▶ **WORK TO COMPLETE**: Pictures in the records below must be left out. Return exactly the lines from the line with "Small Foot Pastel" to the line with "For All Seven", both included.

▶ **DATASET EXTRACT**:
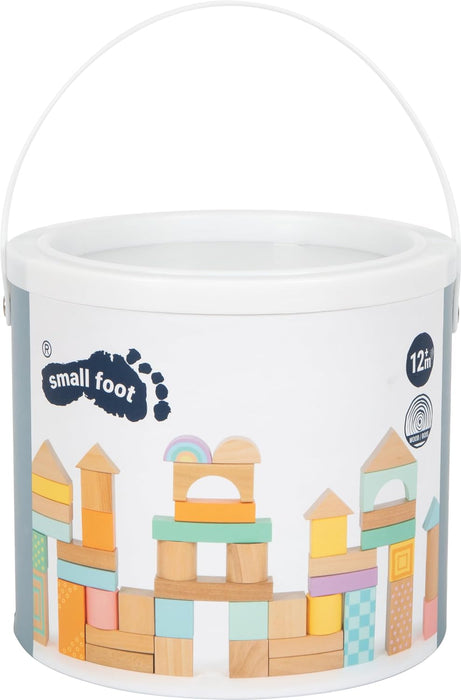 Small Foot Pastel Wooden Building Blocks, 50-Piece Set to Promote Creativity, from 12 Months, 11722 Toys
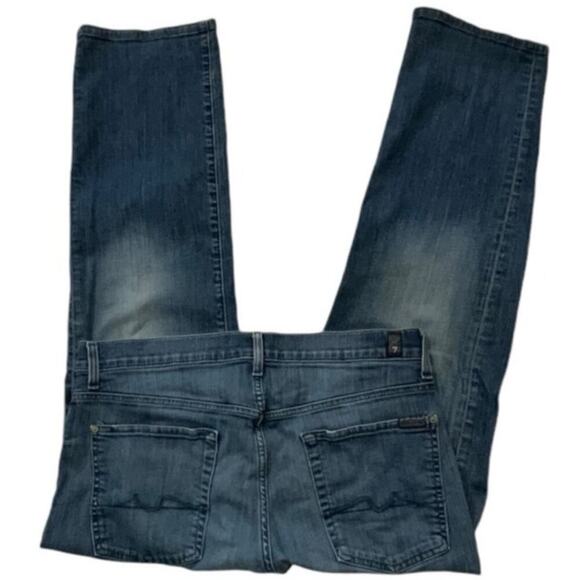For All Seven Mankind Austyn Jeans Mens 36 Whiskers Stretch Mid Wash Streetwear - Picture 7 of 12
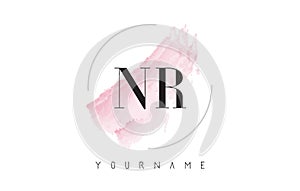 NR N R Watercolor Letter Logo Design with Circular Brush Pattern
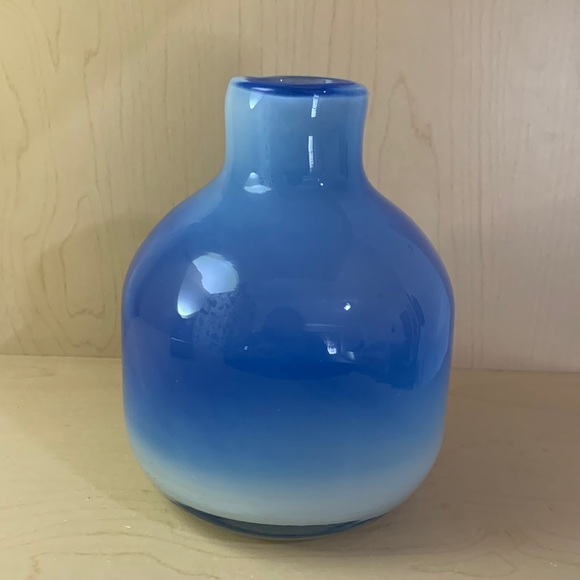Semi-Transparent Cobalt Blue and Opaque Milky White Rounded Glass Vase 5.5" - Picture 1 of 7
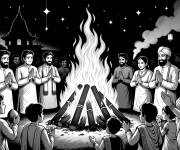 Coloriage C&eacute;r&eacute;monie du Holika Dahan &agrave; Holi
==
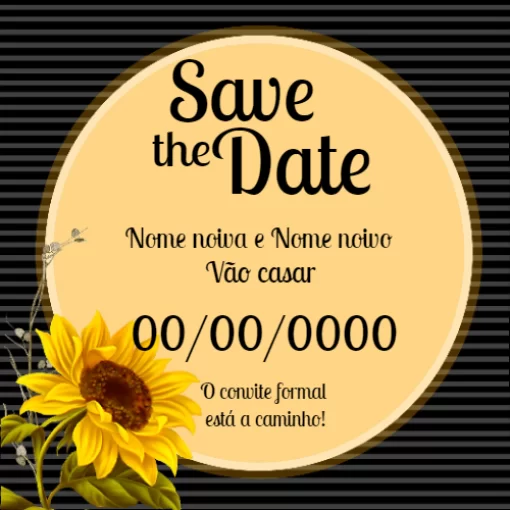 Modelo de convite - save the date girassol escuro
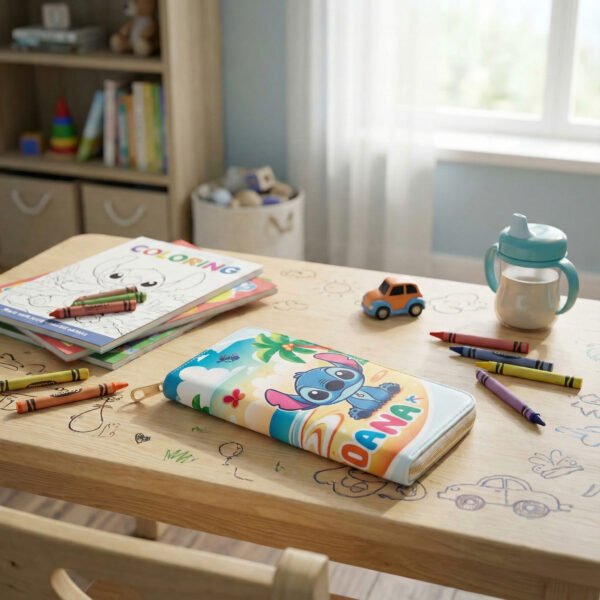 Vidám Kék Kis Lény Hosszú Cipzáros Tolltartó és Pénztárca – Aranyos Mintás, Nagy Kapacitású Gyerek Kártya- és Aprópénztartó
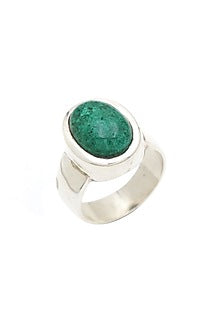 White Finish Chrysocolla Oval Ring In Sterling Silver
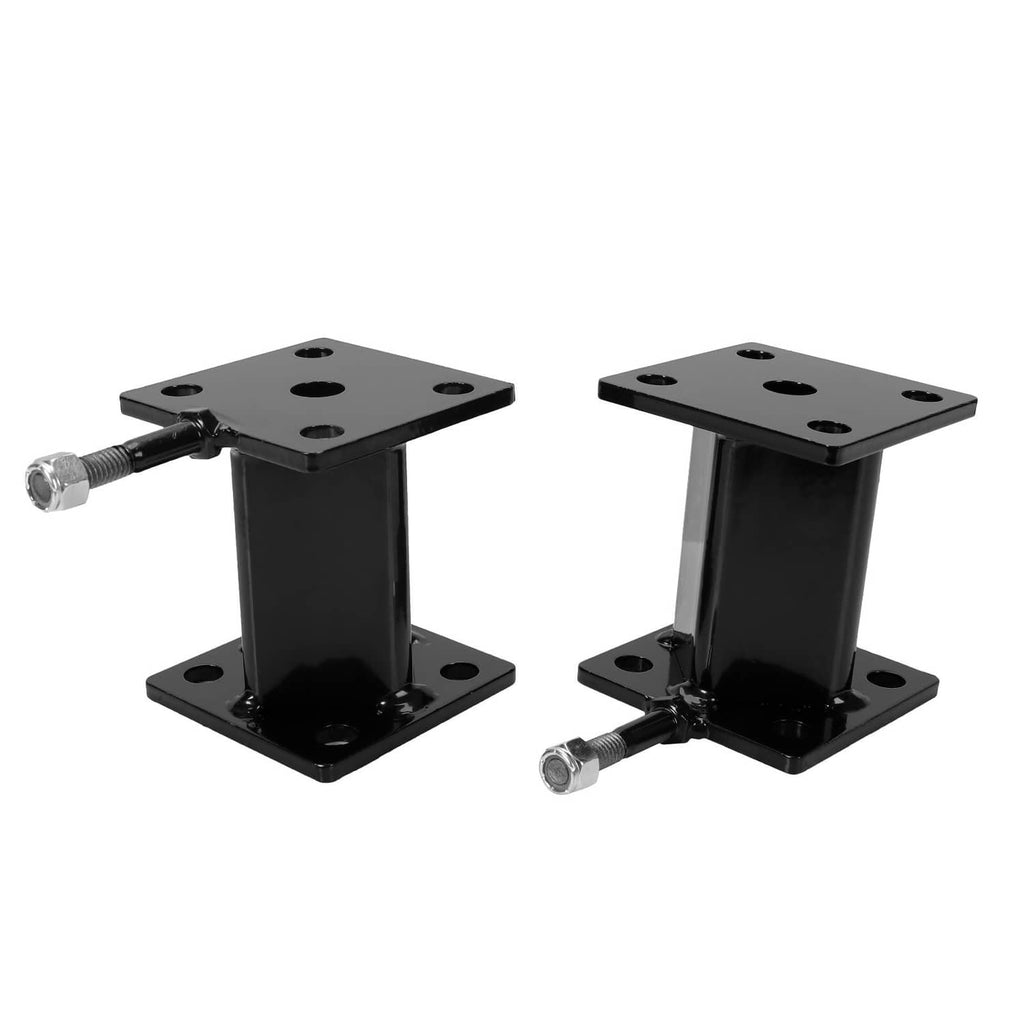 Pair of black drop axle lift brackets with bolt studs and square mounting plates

▶ **ANSWER BELOW**:
 Small Foot Pastel Wooden Building Blocks, 50-Piece Set to Promote Creativity, from 12 Months, 11722 Toys
For All Seven Mankind Austyn Jeans Mens 36 Whiskers Stretch Mid Wash Streetwear - Picture 7 of 12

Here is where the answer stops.